USD/CAD Declines As WTI Oil Gets Back Above $95
- Canadian dollar moves higher as WTI oil rallies
- A move below 1.2680 will push USD/CAD towards 1.2650
- Geopolitics remain the key driver for the forex market
Canadian Dollar Gains Ground Against U.S. Dollar
USD/CAD is currently trying to settle below the support at 1.2680, while the U.S. dollar is gaining ground against a broad basket of currencies.
The U.S. Dollar Index is currently stuck in the range between the support at 96.70 and the resistance at 97. If the U.S. Dollar Index manages to settle back above 97, it will gain upside momentum and head towards the resistance at 97.25, which will be bullish for USD/CAD.
Today, foreign exchange market traders focused on geopolitical developments. The West imposed harsh sanctions on Russia, which triggered a flight to safety but also provided support to the oil market.
WTI oil managed to get back above the $95 level and made an attempt to settle above $98 but lost momentum and pulled back towards $96. In case WTI oil manages to settle above $96, it will move closer to the recent highs near $98, which will be bullish for commodity-related currencies, including Canadian dollar.
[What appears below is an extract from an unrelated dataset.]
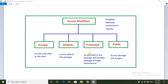If you declare any variable as protected, we can access it within the package and outside the package through inheritance. So if we declare variables as protected, we can access them within the package and also outside the package.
USD to CAD is testing the support level at 1.2680. In case this test is successful, USD to CAD will move towards the next support level, which is located at 1.2650.
A move below the support at 1.2650 will open the way to the test of the support at 1.2625. If USD to CAD declines below this level, it will head towards the next support level at 1.2590.
On the upside, the nearest resistance level for USD to CAD is located at the 50 EMA at 1.2705. If USD to CAD moves above the 50 EMA, it will gain upside momentum and head towards the 20 EMA at 1.2725. A successful test of the resistance at the 20 EMA will push USD to CAD towards the resistance at 1.2760.